Judging a face by the jitter of its embeddings
SER-FIQ measures face image quality by asking: how much does this photo's neural embedding wobble when you randomly drop parts of the network?

What it does
SER-FIQ scores how suitable a face photo is for recognition—without needing human-labeled quality data. It runs multiple stochastic forward passes through a face recognition network (with dropout enabled), then measures how much the resulting embeddings vary. Low variation means high quality; high variation means the network is uncertain, so the image is probably blurry, occluded, or otherwise sketchy. The code provides an ArcFace-based demonstration.
The interesting bit
The clever move is tying quality assessment directly to the deployed recognition model itself. Since the quality measure and the recognition share the same network, the quality score captures the exact decision patterns the recognizer actually uses. The authors also flag an uncomfortable corollary: this tight coupling means biases in the face recognition system transfer straight into quality assessment.
Key highlights
- Unsupervised: no hand-labeled quality scores needed
- Same-model approach outperforms six academic and industry baselines in cross-database tests (per the paper)

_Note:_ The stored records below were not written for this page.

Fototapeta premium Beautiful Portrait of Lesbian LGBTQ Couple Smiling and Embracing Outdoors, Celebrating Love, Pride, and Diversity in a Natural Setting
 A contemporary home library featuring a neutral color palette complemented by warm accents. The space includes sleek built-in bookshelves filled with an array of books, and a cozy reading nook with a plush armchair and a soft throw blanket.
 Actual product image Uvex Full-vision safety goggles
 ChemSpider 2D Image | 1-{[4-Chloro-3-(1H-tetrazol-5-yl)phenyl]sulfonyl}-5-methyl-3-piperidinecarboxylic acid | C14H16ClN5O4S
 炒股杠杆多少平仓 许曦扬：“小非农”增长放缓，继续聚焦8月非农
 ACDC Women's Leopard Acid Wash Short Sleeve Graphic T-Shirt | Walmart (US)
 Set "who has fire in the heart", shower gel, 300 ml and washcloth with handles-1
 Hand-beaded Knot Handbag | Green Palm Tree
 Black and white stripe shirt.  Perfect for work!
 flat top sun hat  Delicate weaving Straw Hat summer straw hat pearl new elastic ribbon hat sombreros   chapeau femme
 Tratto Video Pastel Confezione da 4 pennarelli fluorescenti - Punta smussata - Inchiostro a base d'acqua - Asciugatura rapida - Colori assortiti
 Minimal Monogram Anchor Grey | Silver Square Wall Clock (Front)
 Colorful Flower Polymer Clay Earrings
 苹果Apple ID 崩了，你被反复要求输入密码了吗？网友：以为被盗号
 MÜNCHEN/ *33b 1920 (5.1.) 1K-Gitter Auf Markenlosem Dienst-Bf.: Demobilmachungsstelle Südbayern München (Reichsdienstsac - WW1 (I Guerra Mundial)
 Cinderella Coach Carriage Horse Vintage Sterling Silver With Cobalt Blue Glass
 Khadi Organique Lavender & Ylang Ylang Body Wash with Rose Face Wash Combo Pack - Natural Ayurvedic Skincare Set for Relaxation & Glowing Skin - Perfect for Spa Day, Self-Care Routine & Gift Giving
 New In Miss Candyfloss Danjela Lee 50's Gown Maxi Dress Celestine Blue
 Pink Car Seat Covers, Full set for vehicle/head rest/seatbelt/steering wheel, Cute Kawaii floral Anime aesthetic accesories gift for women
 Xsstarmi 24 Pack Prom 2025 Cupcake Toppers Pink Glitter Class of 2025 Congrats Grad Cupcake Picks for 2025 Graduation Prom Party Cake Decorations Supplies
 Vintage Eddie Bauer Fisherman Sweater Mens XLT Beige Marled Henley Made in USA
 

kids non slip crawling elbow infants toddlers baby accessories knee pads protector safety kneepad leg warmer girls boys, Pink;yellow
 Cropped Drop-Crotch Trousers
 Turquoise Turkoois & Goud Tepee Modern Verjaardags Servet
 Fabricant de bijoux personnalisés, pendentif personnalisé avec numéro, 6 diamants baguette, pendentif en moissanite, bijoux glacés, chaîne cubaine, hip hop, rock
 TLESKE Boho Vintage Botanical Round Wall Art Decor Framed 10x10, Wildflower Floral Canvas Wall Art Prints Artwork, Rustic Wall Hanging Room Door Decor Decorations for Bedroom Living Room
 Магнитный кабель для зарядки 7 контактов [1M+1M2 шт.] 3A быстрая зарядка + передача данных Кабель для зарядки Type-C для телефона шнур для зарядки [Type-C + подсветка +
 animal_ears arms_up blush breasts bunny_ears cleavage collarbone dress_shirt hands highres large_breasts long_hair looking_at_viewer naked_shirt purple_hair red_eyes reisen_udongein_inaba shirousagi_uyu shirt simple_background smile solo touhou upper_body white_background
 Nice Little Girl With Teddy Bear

- Computationally cheap: only ~10% extra GFLOPS if dropout is already in the last layer
- Includes analysis of demographic and non-demographic bias in quality scores
- Non-commercial license (CC BY-NC-SA 4.0)
Caveats
- The provided code is explicitly labeled a “demonstration”; production use requires integrating the concept into your own pipeline
- Requires a dropout-trained recognition network for best results
- Model files must be downloaded separately from Google Drive
Verdict
Worth a look if you’re building or auditing face recognition systems and need a principled, unsupervised quality filter. Skip if you need a drop-in commercial solution or a fully packaged library.